== Your assignment ==
Your copy of the data should match it exactly, leaving out only the pictures.

== Input data ==
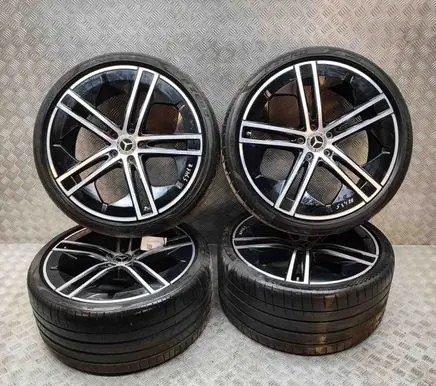 Mercedes-Benz EQE v295 R21 alloy rim A2954011500 A2954011400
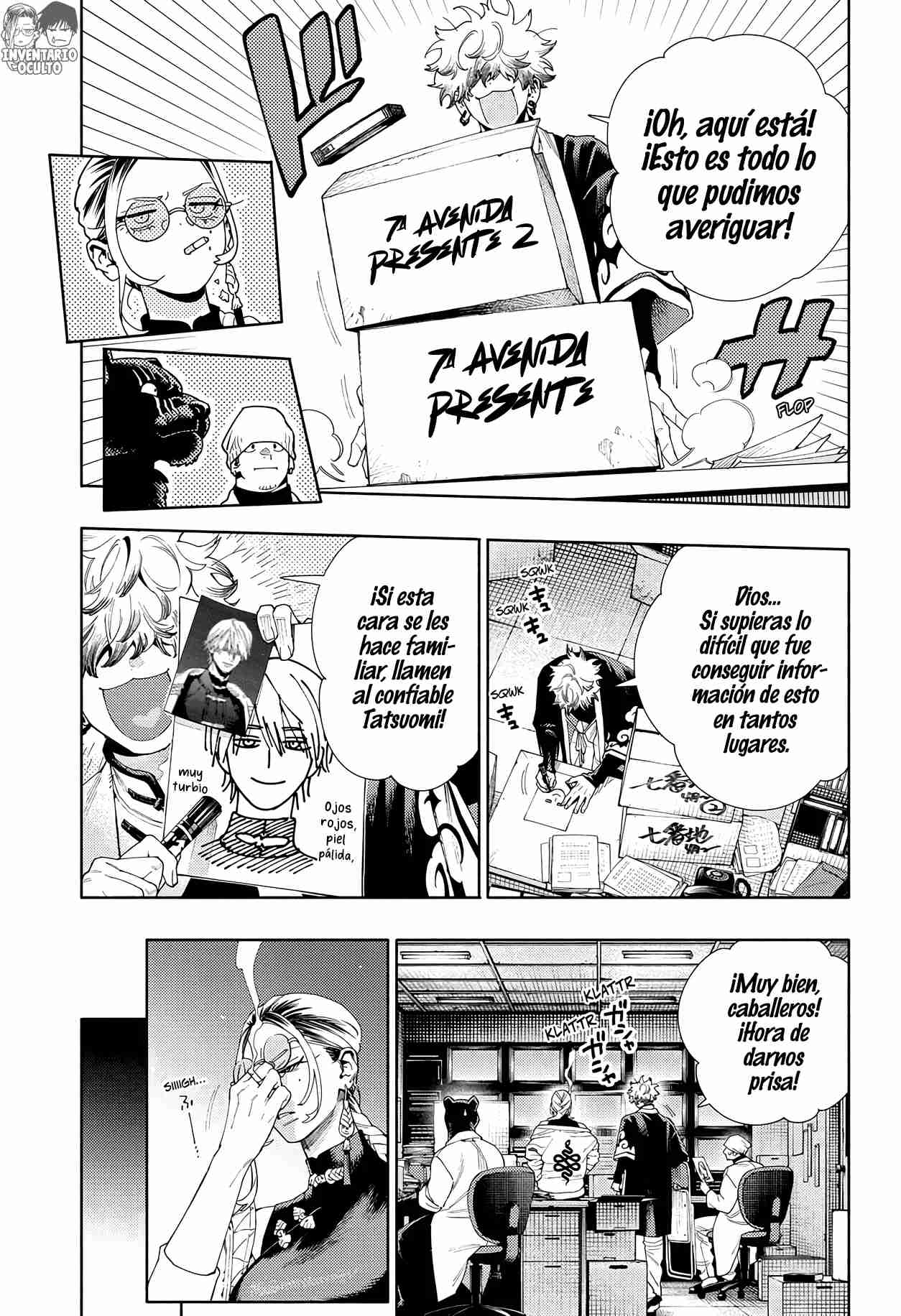 Read Gokurakugai ES Manga Online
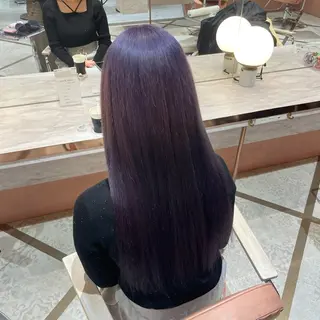 カラー LUNTY NAMBA 難波駅前店所属・透け感ベージュ 🪐REN🪐のヘアスタイル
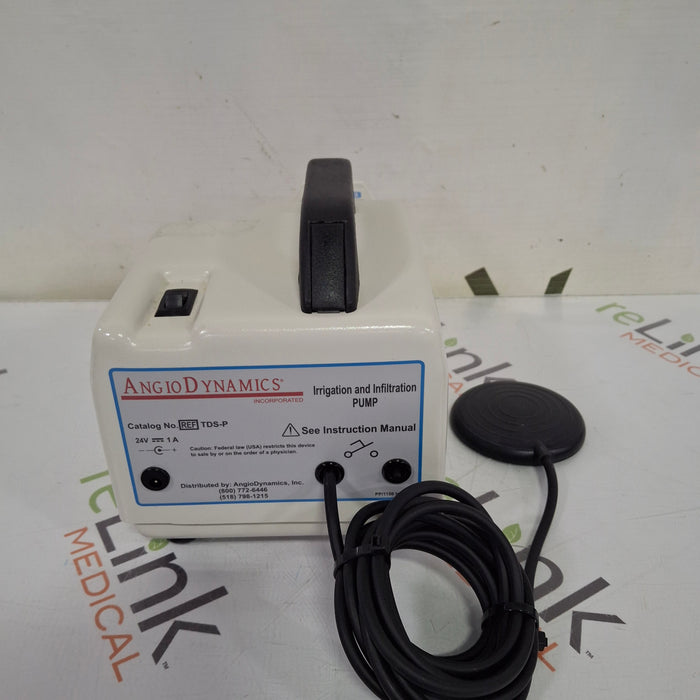 AngioDynamics TDS-P Irrigation and Infiltration PUMP
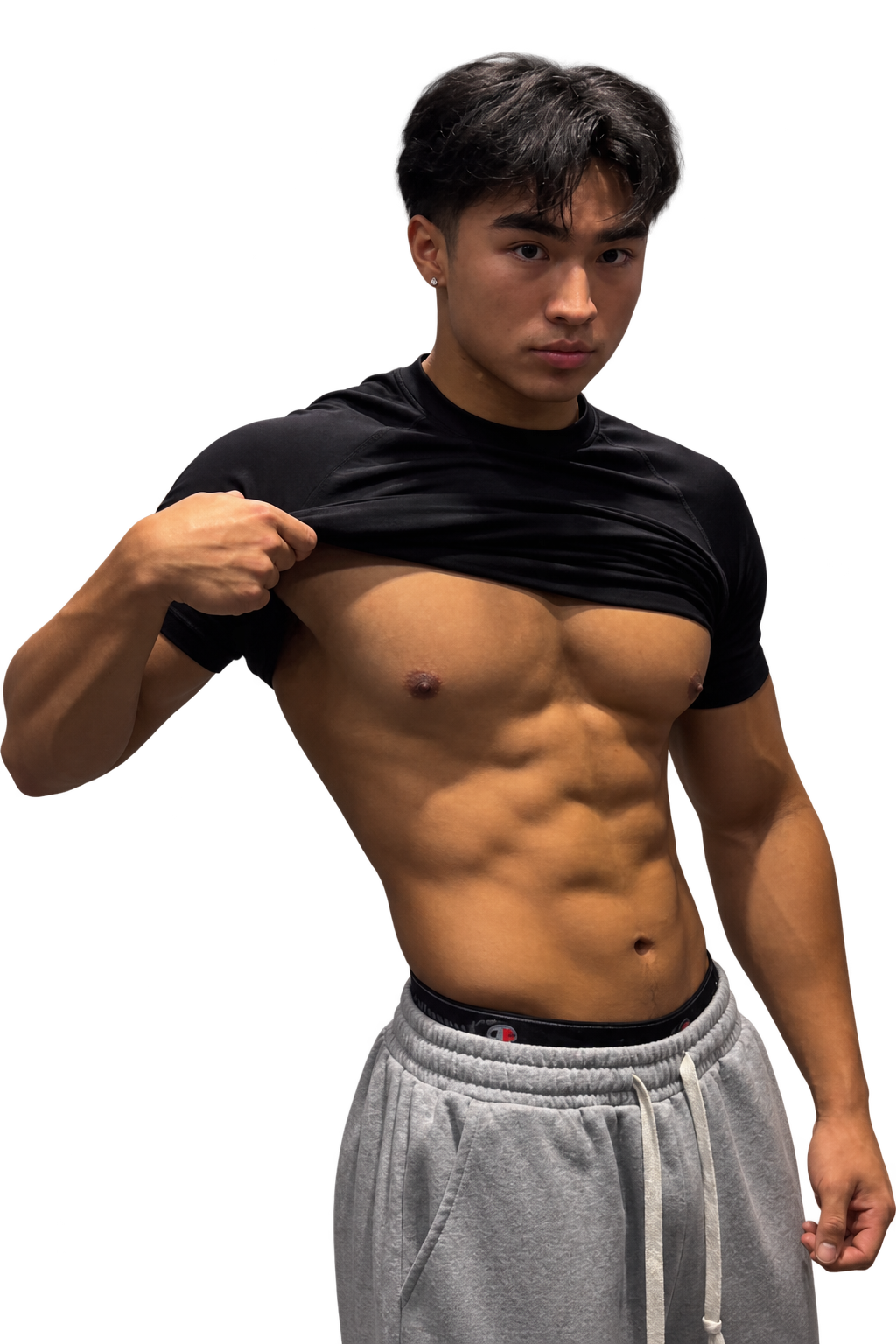 Arshan lean, after his transformation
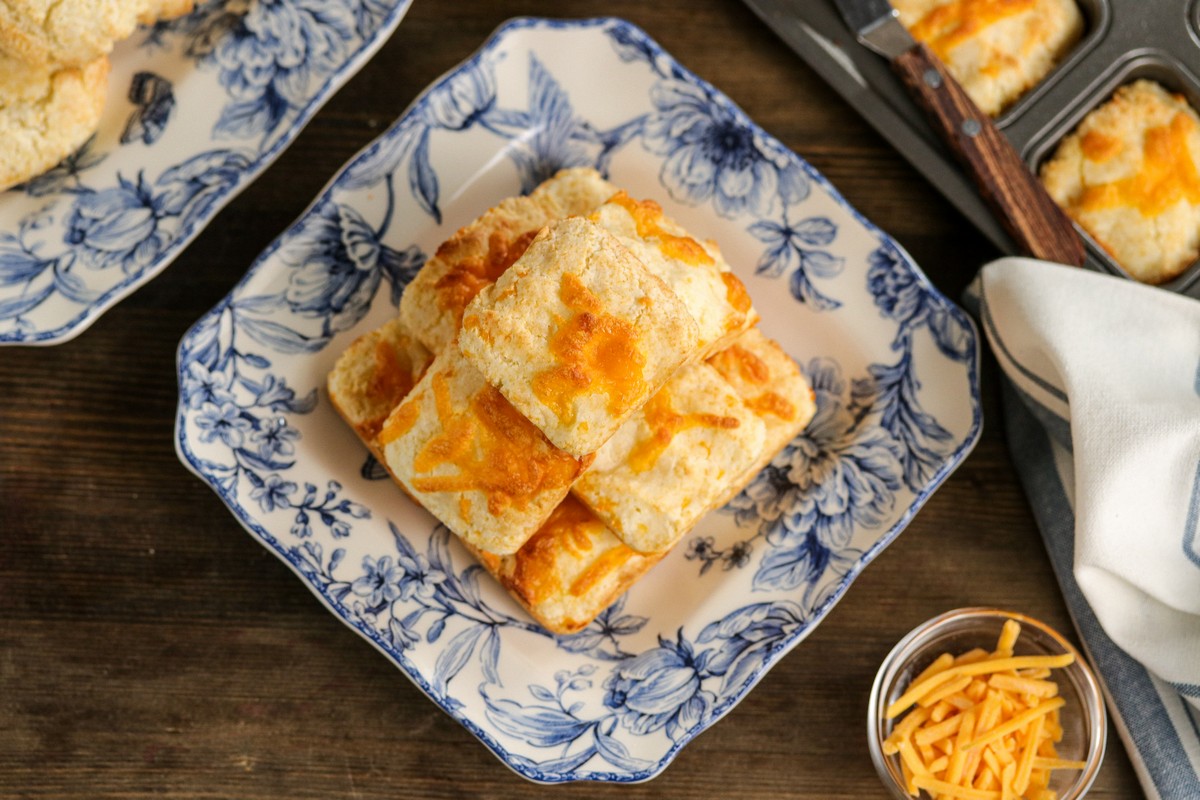 Cheddar Scones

== Expected answer ==
 Mercedes-Benz EQE v295 R21 alloy rim A2954011500 A2954011400
 Read Gokurakugai ES Manga Online
 カラー LUNTY NAMBA 難波駅前店所属・透け感ベージュ 🪐REN🪐のヘアスタイル
 AngioDynamics TDS-P Irrigation and Infiltration PUMP
 Arshan lean, after his transformation
 Cheddar Scones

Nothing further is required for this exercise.